BEGIN Listed entries
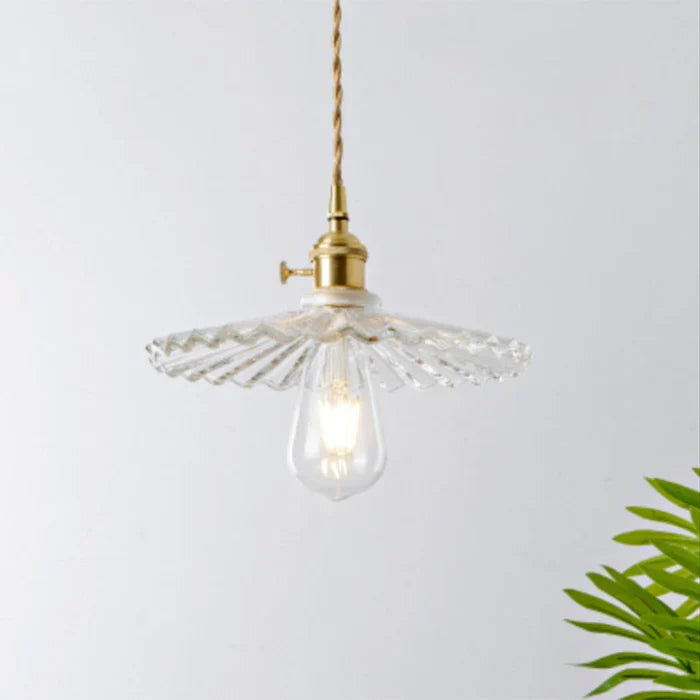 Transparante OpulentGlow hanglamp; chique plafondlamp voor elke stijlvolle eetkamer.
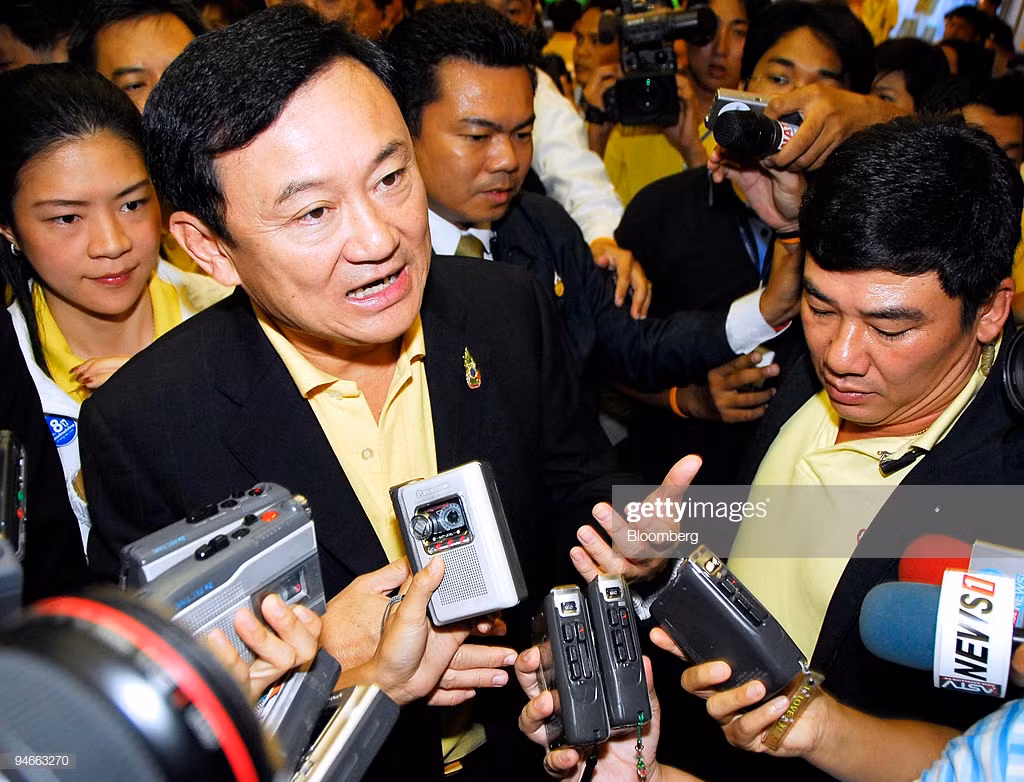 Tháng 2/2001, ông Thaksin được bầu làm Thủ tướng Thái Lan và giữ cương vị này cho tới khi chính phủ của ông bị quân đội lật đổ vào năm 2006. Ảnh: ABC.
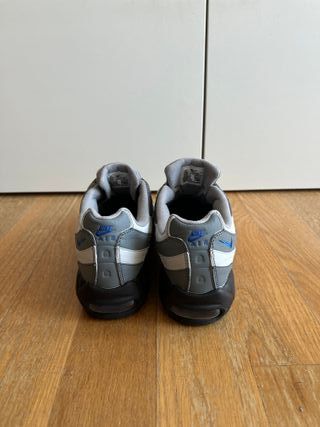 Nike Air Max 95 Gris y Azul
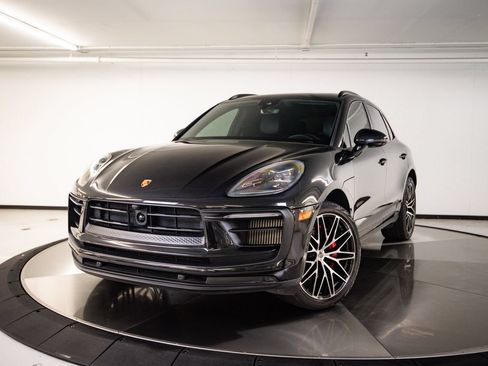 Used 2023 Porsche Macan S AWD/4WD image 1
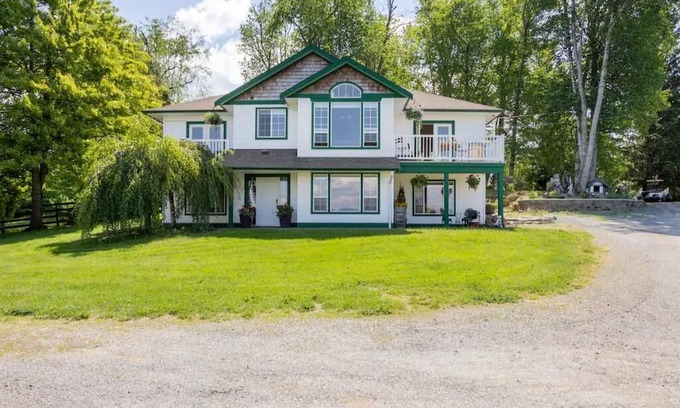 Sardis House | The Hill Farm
END Listed entries
BEGIN Listed entries
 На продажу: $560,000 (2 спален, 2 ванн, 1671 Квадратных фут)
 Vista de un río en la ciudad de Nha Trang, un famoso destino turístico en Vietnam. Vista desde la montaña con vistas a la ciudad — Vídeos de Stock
END Listed entries
BEGIN Listed entries
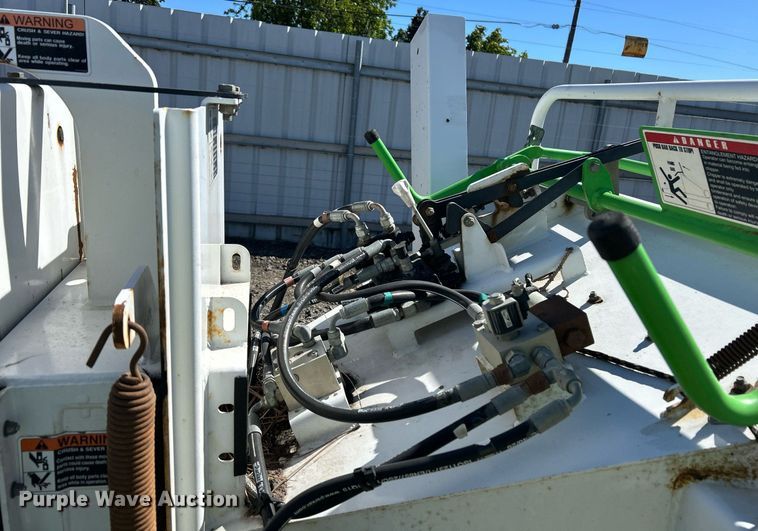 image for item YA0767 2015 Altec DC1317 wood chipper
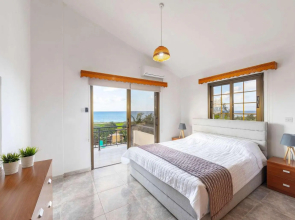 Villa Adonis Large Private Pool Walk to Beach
END Listed entries
Within the listing above, the stretch from the line with "Transparante OpulentGlow hanglamp;" down to the line with "Sardis House | The Hill Farm" is to be given again exactly, end lines included and pictures excluded.

_Exercise output_.
 Transparante OpulentGlow hanglamp; chique plafondlamp voor elke stijlvolle eetkamer.
 Tháng 2/2001, ông Thaksin được bầu làm Thủ tướng Thái Lan và giữ cương vị này cho tới khi chính phủ của ông bị quân đội lật đổ vào năm 2006. Ảnh: ABC.
 Nike Air Max 95 Gris y Azul
 Used 2023 Porsche Macan S AWD/4WD image 1
 Sardis House | The Hill Farm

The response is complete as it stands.